Material provided —
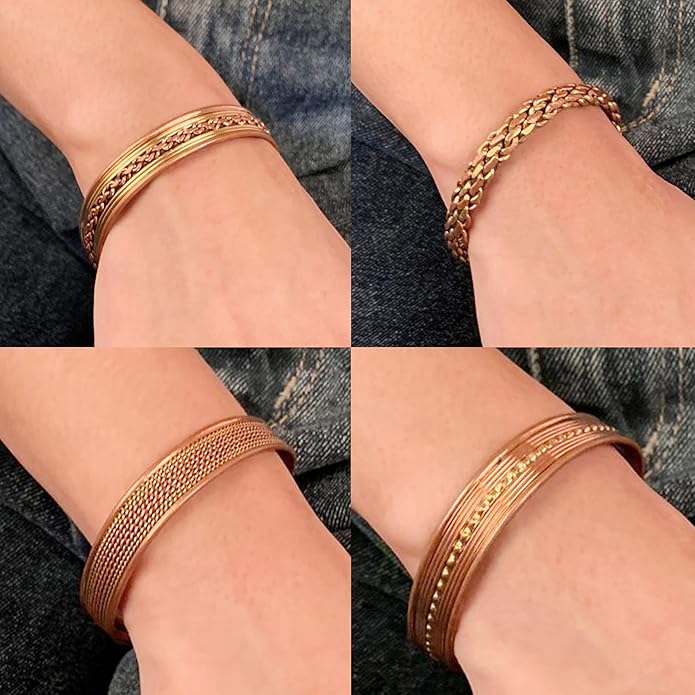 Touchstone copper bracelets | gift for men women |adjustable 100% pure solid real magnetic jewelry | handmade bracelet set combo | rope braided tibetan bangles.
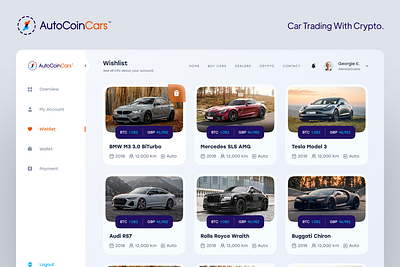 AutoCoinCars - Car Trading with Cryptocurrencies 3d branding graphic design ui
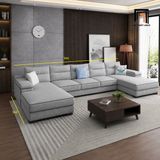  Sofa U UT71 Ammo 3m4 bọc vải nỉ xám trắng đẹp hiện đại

Required work —
Could the listing above be transcribed exactly, with the pictures left out?

The completed task —
 Touchstone copper bracelets | gift for men women |adjustable 100% pure solid real magnetic jewelry | handmade bracelet set combo | rope braided tibetan bangles.
 AutoCoinCars - Car Trading with Cryptocurrencies 3d branding graphic design ui
  Sofa U UT71 Ammo 3m4 bọc vải nỉ xám trắng đẹp hiện đại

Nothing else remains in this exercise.